Material supplied ->
·····
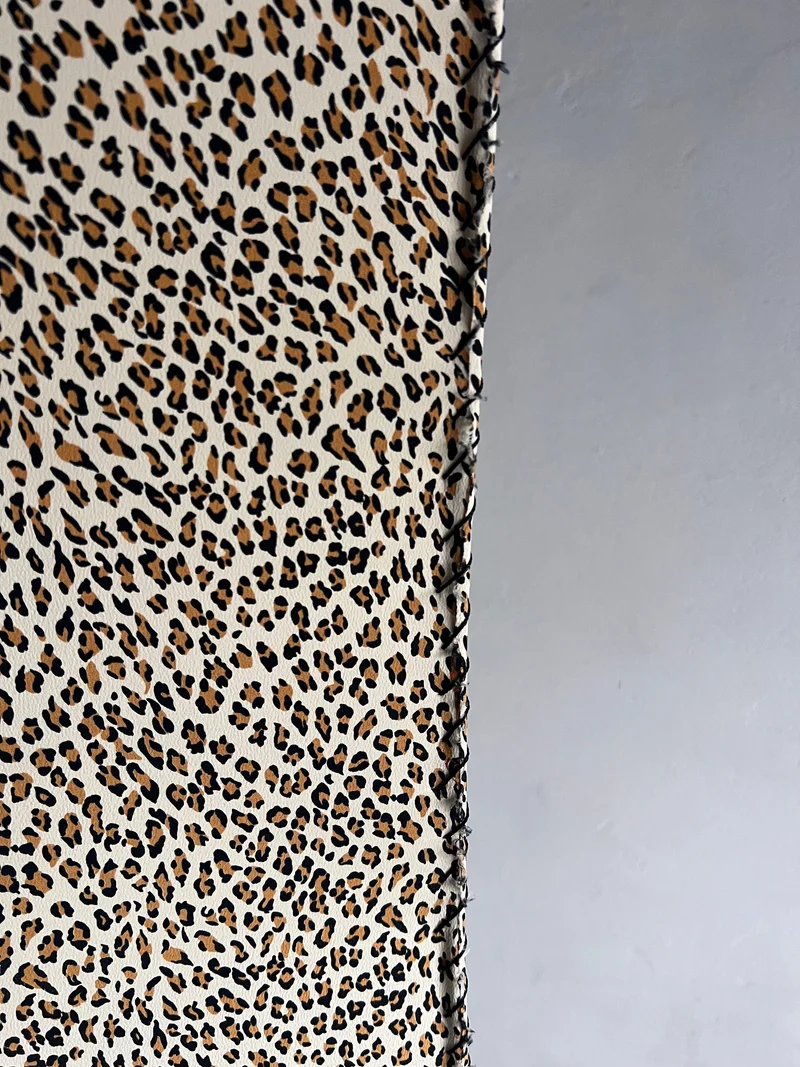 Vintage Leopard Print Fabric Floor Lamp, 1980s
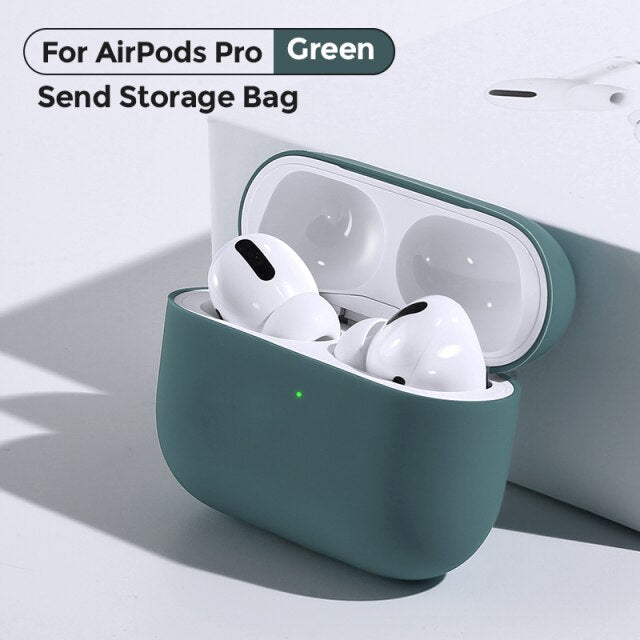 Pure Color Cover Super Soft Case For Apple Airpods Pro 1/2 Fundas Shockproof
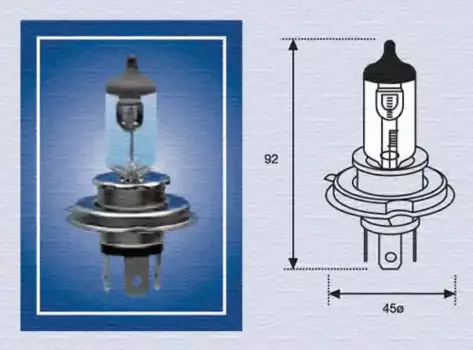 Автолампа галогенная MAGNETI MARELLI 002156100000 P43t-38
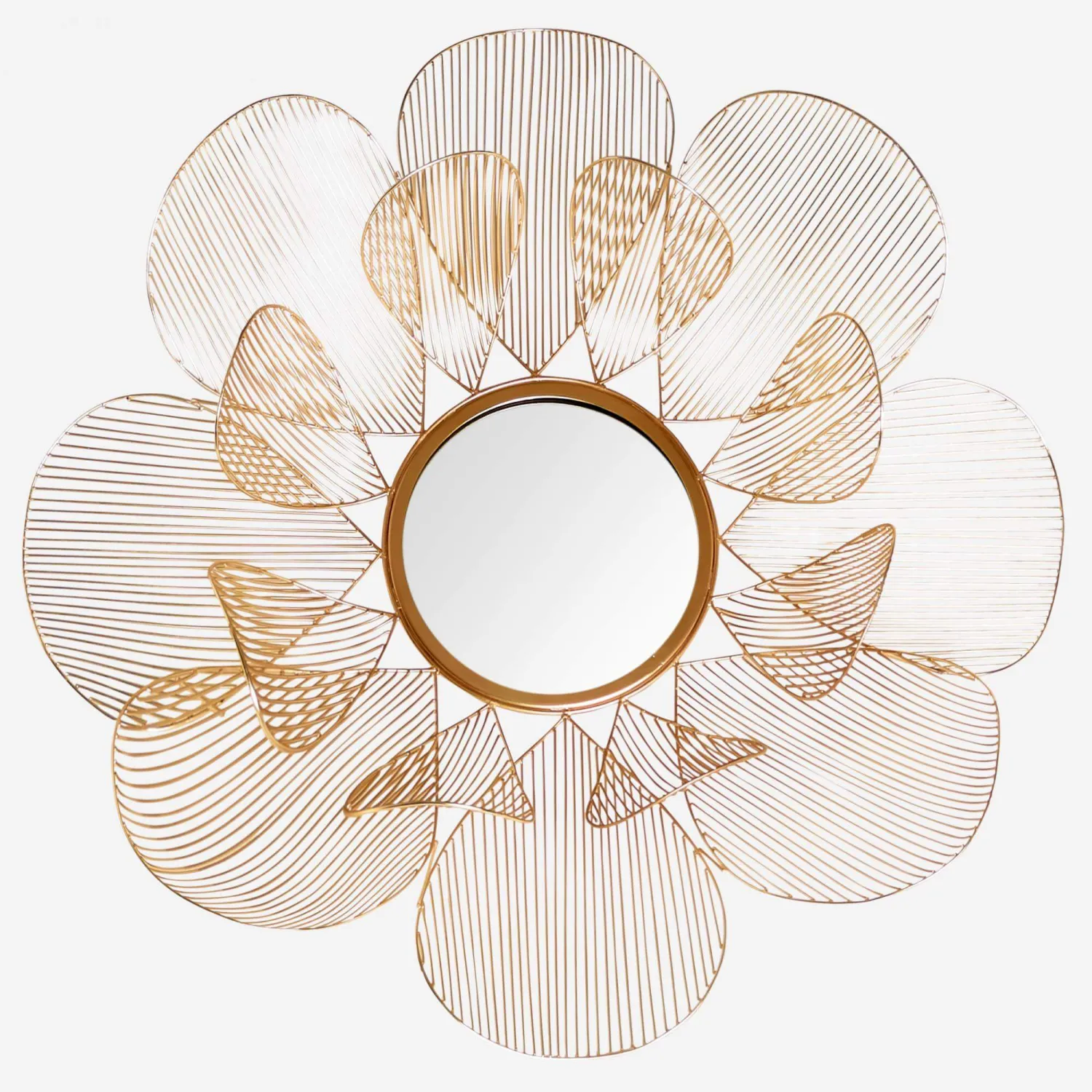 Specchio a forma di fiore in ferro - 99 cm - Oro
·····
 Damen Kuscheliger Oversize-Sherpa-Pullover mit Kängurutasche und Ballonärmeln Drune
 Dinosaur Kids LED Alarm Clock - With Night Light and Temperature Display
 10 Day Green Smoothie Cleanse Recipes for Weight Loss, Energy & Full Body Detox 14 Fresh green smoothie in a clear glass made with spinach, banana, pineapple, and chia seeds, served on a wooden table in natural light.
·····
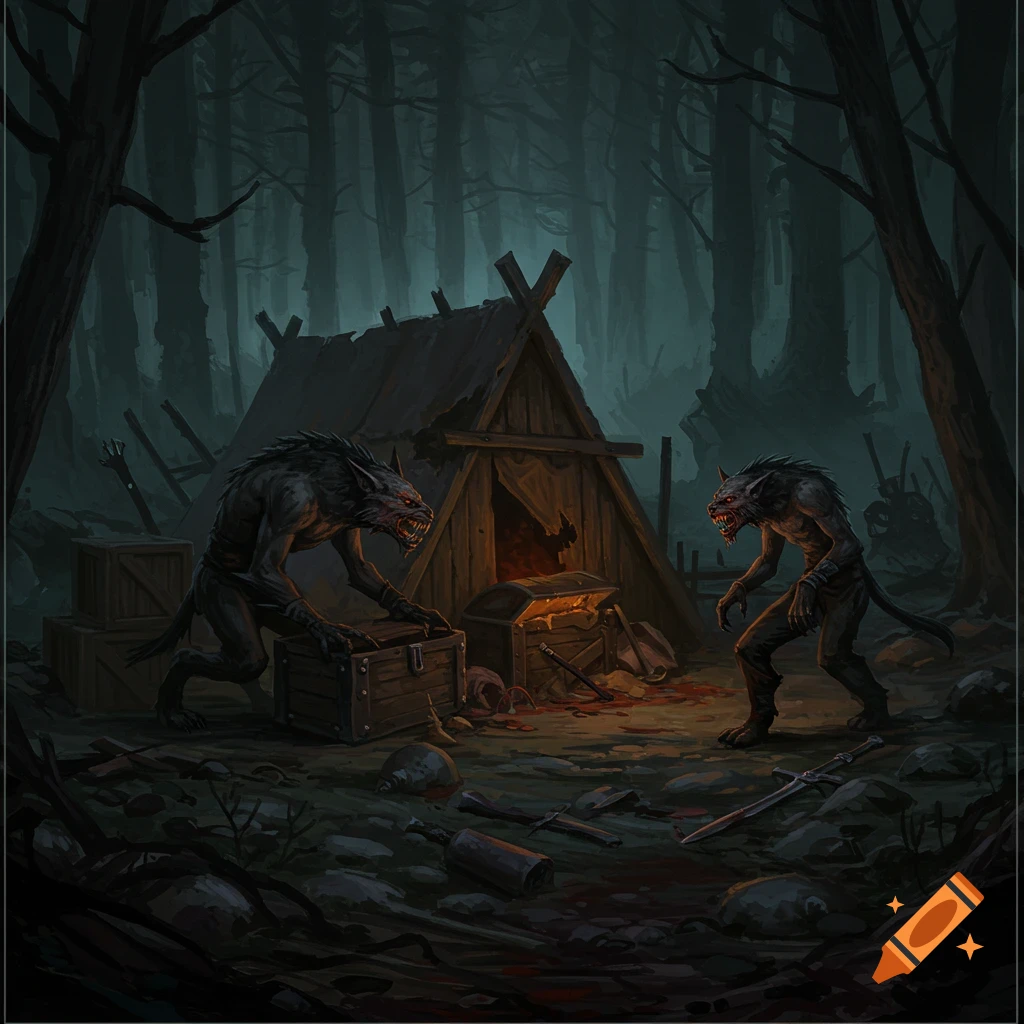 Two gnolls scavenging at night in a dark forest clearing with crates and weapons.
·····
Task statement -> Copy needed, without pictures: the lines of the listing above from the line containing "Автолампа галогенная MAGNETI" up to and including the line containing "Specchio a forma", set down exactly.

Output of the exercise ->
 Автолампа галогенная MAGNETI MARELLI 002156100000 P43t-38
 Specchio a forma di fiore in ferro - 99 cm - Oro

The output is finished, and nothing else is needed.